Le « printemps arabe » débouche-t-il sur « l’été des femmes arabes » ou plutôt sur « l’hiver des femmes arabes » ?

par menou69
lundi 3 décembre 2012

Les femmes sont les principales victimes des révolutions arabes, après les dictateurs déchus.

On se souvient du tabassage de cette femme au soutien-gorge bleu, devenue la "blue bra girl", que le monde entier a vu (merci aux reporters de Reuters) se faire massacrer par plusieurs soldats qui lui sautent sur le corps à coups de rangers et la frappent de façon ahurissante tout en lui arrachant ses vêtements. Cette photo a fait le tour du monde. Mais surtout, "elle est devenue le symbole du prix que paient les femmes dans la révolution égyptienne".

De Tunis à Benghazi, du Caire à Sanaa, les femmes ont adhéré, bien avant les islamistes, aux “printemps arabes”. Aujourd’hui, elles sont les premières menacées par le vent du conservatisme.

Les premières élections démocratiques en Tunisie et en Egypte ont vite balayé leurs espoirs. Car un vent de conservatisme souffle aujourd’hui sur tous les pays du Moyen-Orient.

Souvenez-vous c’est en annonçant dans l’euphorie la libération de la Libye que Mustafa Abdel Jalil, alors président du Conseil national de transition, a promis l’application de la charia et le retour de la polygamie.

Les Tunisiennes étaient jadis enviées dans tout le monde arabe pour leur statut, mais la révolution du jasmin a tout bousculé. Un an et demi après la révolution qui était censée apporter plus de libertés, les Tunisiennes craignent aujourd'hui de voir leurs droits amputés.

Depuis le début, les islamistes d'Ennahda s'efforcent de donner une image modérée du parti. Avant les élections, ils avaient garanti que les droits des femmes resteraient intactes. Mais la réalité est tout autre : de plus en plus, les femmes se plaignent d'être harcelées en raison de leur tenue soit-disant contraire aux lois de l'islam. Quant aux Salafistes, des islamistes radicaux, ils ont beaucoup gagné en influence au sein de la société ainsi qu'en politique.

Au Parlement, les Salafistes font pression pour introduire la charia dans la nouvelle constitution. Une mesure qu'Ennahda a toujours refusé d'appliquer, le but n'étant pas d'instaurer un état religieux, mais une constitution à caractère séculier, comme en Turquie.
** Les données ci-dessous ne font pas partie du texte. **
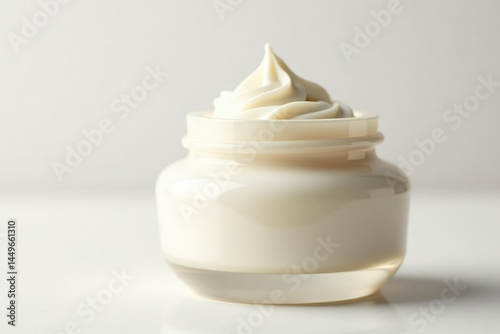 Luxurious cream jar, pristine white background, shot, cream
Aujourd'hui, l'article 27 du futur texte est au coeur de la polémique. Il évoque la "complémentarité" des sexes. Une formulation qui, pour les Tunisiennes, enterre le principe d'égalité hommes-femmes, réduisant ainsi la femme à une simple compagne. Enfin, ce même article induit une différence de statut et donc de droits entre les mères et femmes célibataires et celles mariées.

En Égypte les islamistes et les libéraux tentent de surmonter leurs profondes divergences sur la future Constitution en sacrifiant les femmes. L'avant-projet de la Constitution , présenté le 10 octobre, ne remet pas en question l’article 36, qui stipule que “les hommes et les femmes sont égaux tant que cette égalité ne contrevient pas aux règles de la charia”. Mais reste à savoir qui définira le contenu de la charia, sujet à de multiples interprétations. Les uns pensent que les juges sont habilités à le faire, d’autres veulent réserver ce rôle à l’instance islamique d’Al-Azhar.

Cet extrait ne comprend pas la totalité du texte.